Showing posts with label Noahide laws. Show all posts
Showing posts with label Noahide laws. Show all posts

Tuesday 18 June 2024

The stop-start status of pre-Sinaitic statutes

As we traverse the book of Bereishit, the subject of our ancestors’ observance of Torah law frequently surfaces. For many of us, our Judaism is so dominated by the regimen of halacha that we find it hard to relate to earlier role models who might have legitimately worshipped God in a very different manner. This leads us to embrace literal renderings of midrashim which, for example, depict Avraham and Lot as anachronistically observing the commandment of eating matzot on Pesach – centuries before the Exodus would occur.
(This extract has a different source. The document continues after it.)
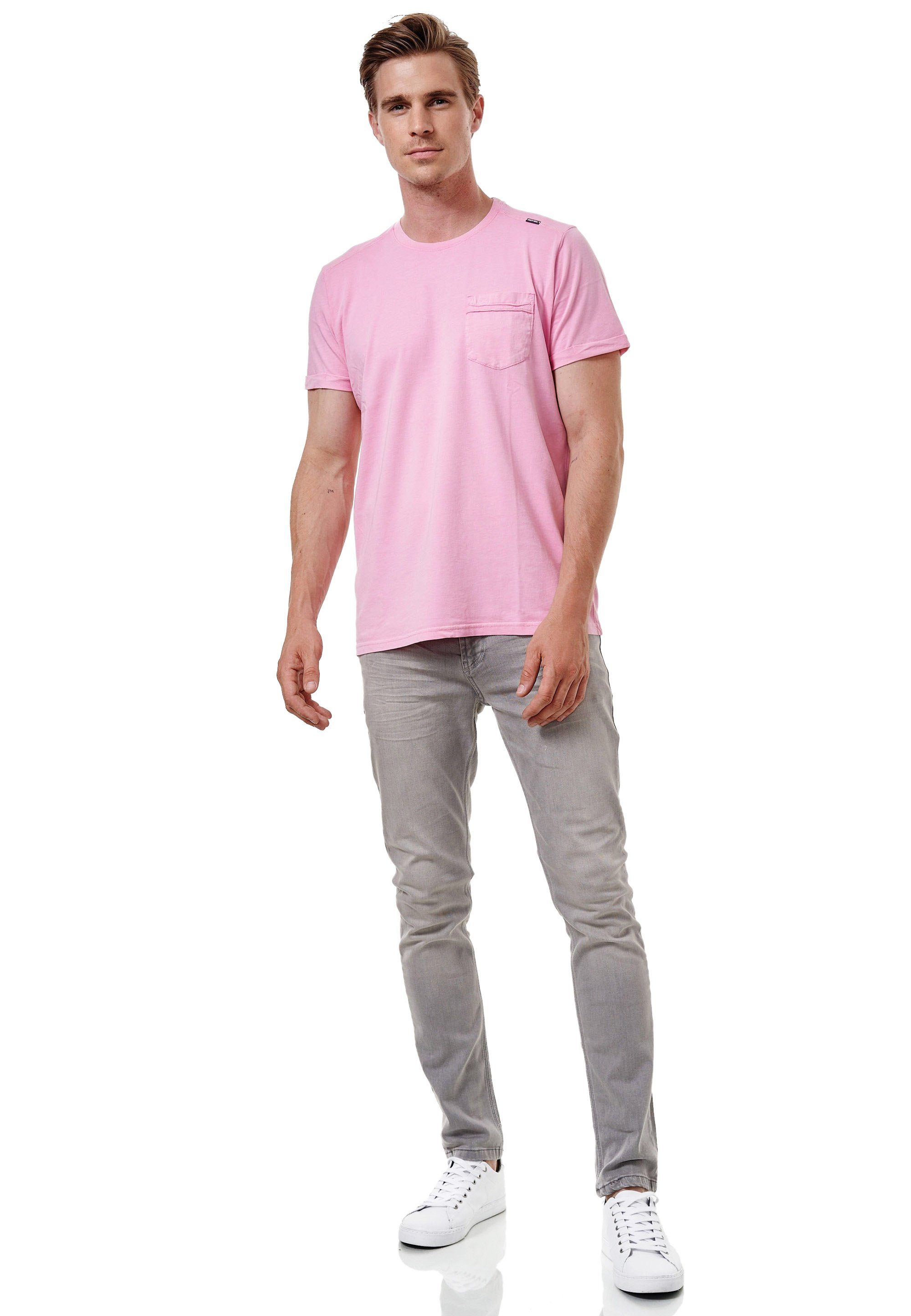 Rusty Neal T-Shirt mit aufgesetzter Brusttasche rosa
The pre-eminent position popularly awarded to Rashi among Torah commentators has led to this being widely regarded as the only – or at least the mainstream – legitimate approach. Patriarchal episodes, such as Ya’akov marrying sisters, which contradict this narrative are typically treated as exceptions for reasons of necessity. It is certainly important, however, to be aware of how other traditional commentators dealt with this matter.
A central verse in this discussion is God’s praise for Avraham having “kept my safeguards, my commandments, my decrees and my instructions” (Bereishit 26:5). Rashi’s commentary to this verse cites a midrashic teaching that Avraham observed not only biblical laws which would later be revealed, but also rabbinic laws instituted to protect the integrity of biblical law.
Radak, by contrast, limits the scope of these teachings – presumably reading them in the context of the reality that none of these laws had yet been revealed and in some cases did not yet bear the symbolic significance that they would later attain. The “commandments and instructions” that Avraham observed, he therefore concludes, can only be referring to the sorts of “sichli” commandments which can be logically deduced. Noting the midrashic teachings that Avraham even observed safeguards such as erev tavshilin, Radak explains that this conveys that Avraham was so meticulous and precise in his observance of the rules which he kept, that he made his own additional regulations which went beyond what was strictly necessary.
Some commandments, however, clearly did pre-date the Sinai revelation. A prohibition against murder is related early in the book of Bereishit, and rabbinic tradition expands this to encompass a whole set of Noachide laws. Specific instructions were also given to the household of Avraham regarding circumcision and, as we read yesterday, to the descendants of Ya’akov concerning consumption of the gid hanashe (sciatic nerve).
It is with regard to gid hanashe that Rambam sets out what he calls a fundamental principle of how to understand these pre-Sinaitic laws. All of the mitzvot, explains Rambam in his Commentary to the Mishna, that we keep today, we do so because they were commanded to Moshe in the desert. Even if these were previously commanded to our ancestors such as circumcision and gid hanashe, this is not the reason that we are bound today. As is noted in that Mishnah (Chullin 7:6) – and further expanded upon in Judaism Reclaimed– the way in which such laws were observed in the pre-Sinai era sometimes varied from how the Torah would ultimately fix them.
While our ancestors seem to have observed at least some of what was to become Torah law, they did so with a degree of flexibility, with the discretion to determine how the law should best be applied to their particular circumstances. Once these commandments were to become a form of National Law at Sinai, however, they needed to be fixed into the framework of a legal system (see Moreh Nevuchim 3:34).
While it appears therefore that the Jews are bound by the Sinai revelation rather than prior prophetic pronouncements, the requirement of non-Jews to observe Noachide laws presumably remains as it was. Rambam, in Hilchot Melachim, writes that Adam HaRishon was commanded in these basic laws of human civilisation – an understanding which makes these laws sufficiently universal for corrupt and evil societies such as Sodom to receive punishment (he also notes that Moshe was subsequently commanded to enforce these laws).
Perhaps the most interesting commandment in this regard is that of circumcision. Rambam writes (Hil. Melachim 10:7) that the descendants of Yishmael and Eisav were not obligated in this since only Yitzchak, who remained loyal to Avraham’s religious and ethical teachings, was commanded with circumcision. This is difficult to reconcile, however, with his next statement:
Our Sages related that the descendants of Keturah who are the offspring of Avraham that came after Yitzchak and Yishmael are also obligated in circumcision. Since, at present, the descendants of Yishmael have become intermingled with the descendants of Keturah, they are all obligated to be circumcised on the eighth day.”
Does this mean that the children of Keturah did remain loyal to Avraham’s teachings? We do not hear much about the fate of these descendants. And, interestingly, these laws appear to remain operative – at least in theory – based on their pre-Sinaitic instruction.